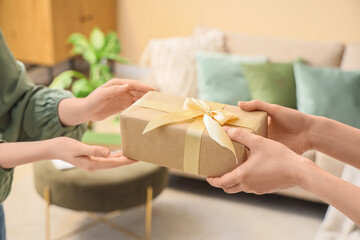 Fototapeta premium Hands exchanging gift box wrapped in brown paper with gold ribbon, present giving and receiving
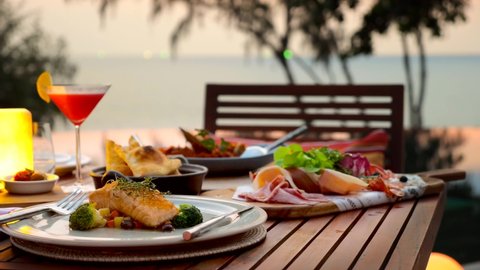 Romantic dinner served on wooden table at sunset with sea, horizon, sky background. Fine dining restaurant at luxury hotel or resort. Grilled salmon with broccoli on ceramic plate, cocktail, cold cut.
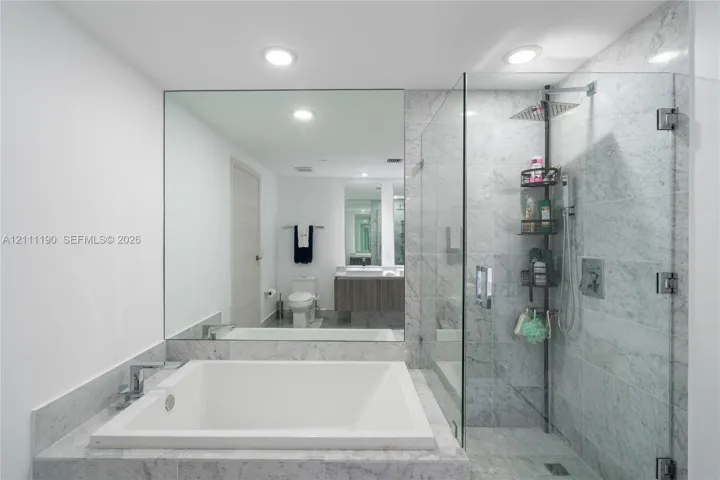Deep soaking tub with stone tile surround, frameless glass-enclosed shower, expansive wall-mounted mirror, recessed lighting, and stone flooring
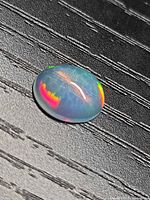 Front view of oval opal showing honeycomb pattern and play-of-colour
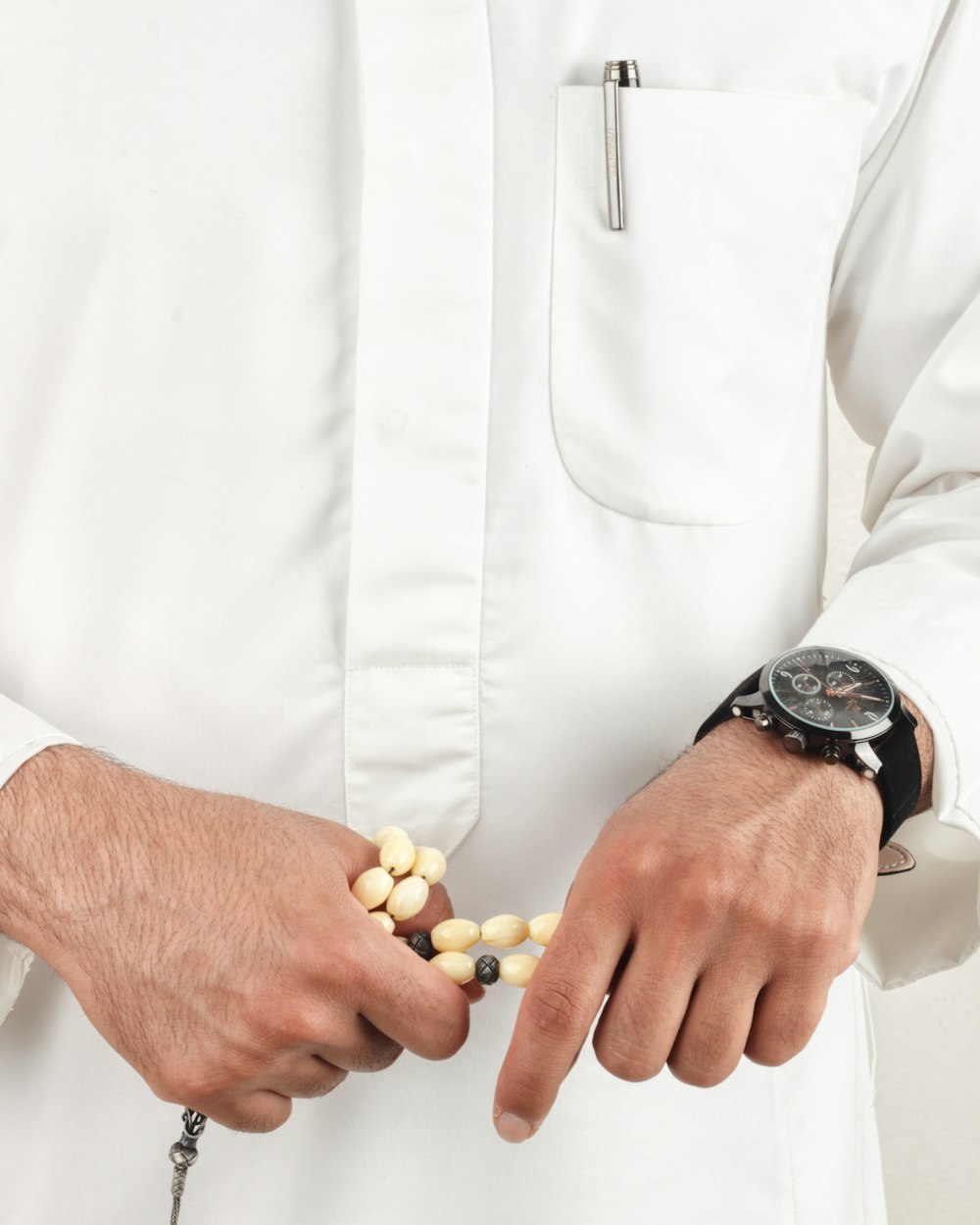 man in white dress shirt wearing black round analog watch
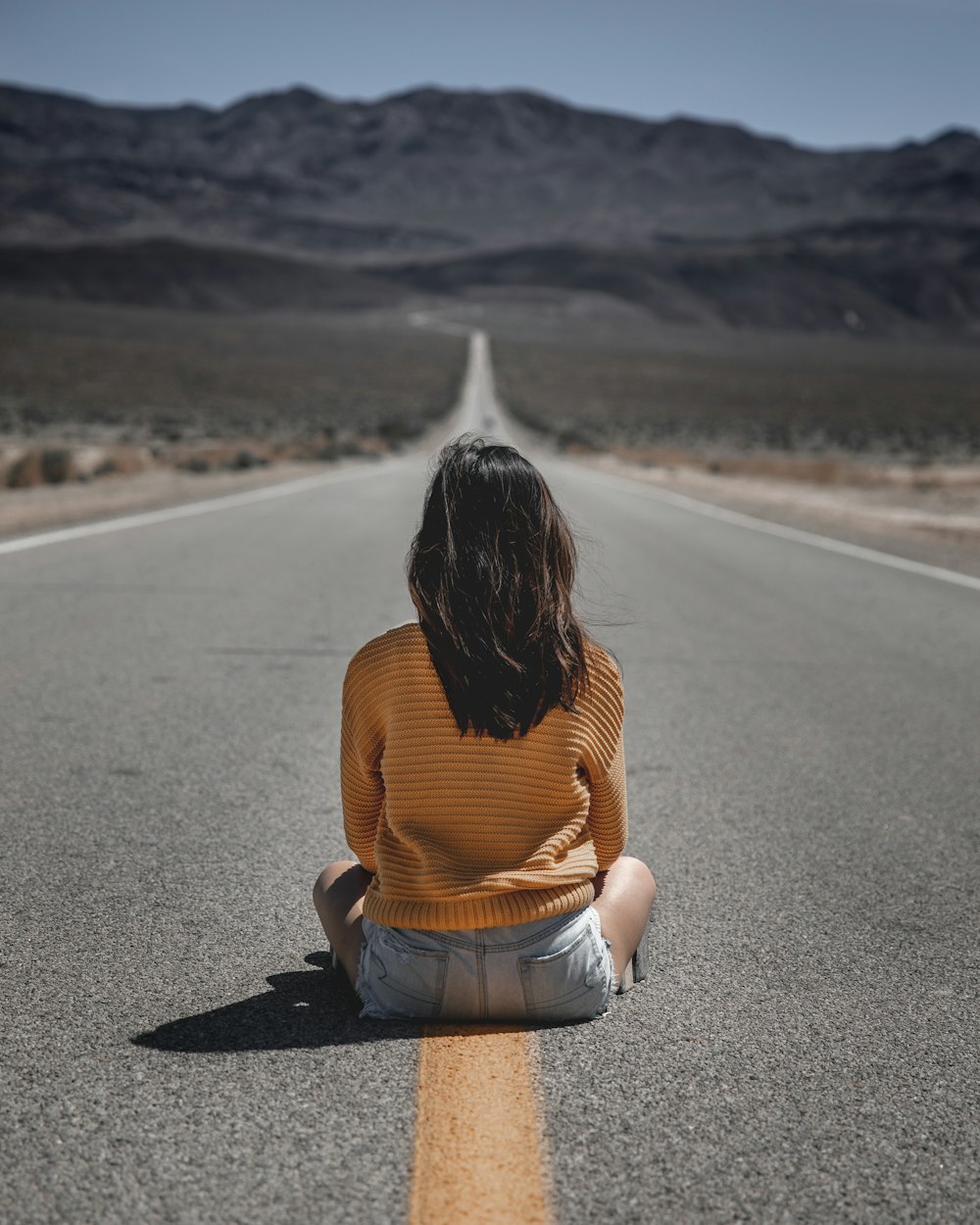 woman sitting on the road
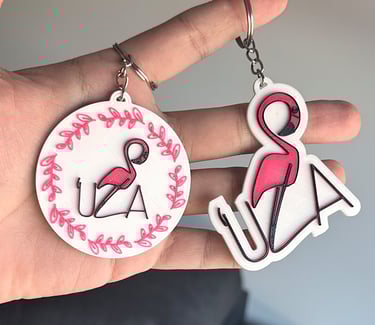 Custom 3D printed flamingo keychains featuring pink bird designs and personalized UZA text.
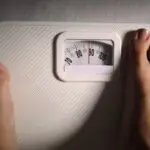 standing on scales to measure weight loss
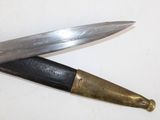two knives that are laying side by side on a table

# Instructions to follow:
Beginning with the line that contains "Custom 3D printed" and ending with the last line of the data above, output those lines exactly and nothing more, without any pictures.

# Solution for this problem:
 Custom 3D printed flamingo keychains featuring pink bird designs and personalized UZA text.
 standing on scales to measure weight loss
two knives that are laying side by side on a table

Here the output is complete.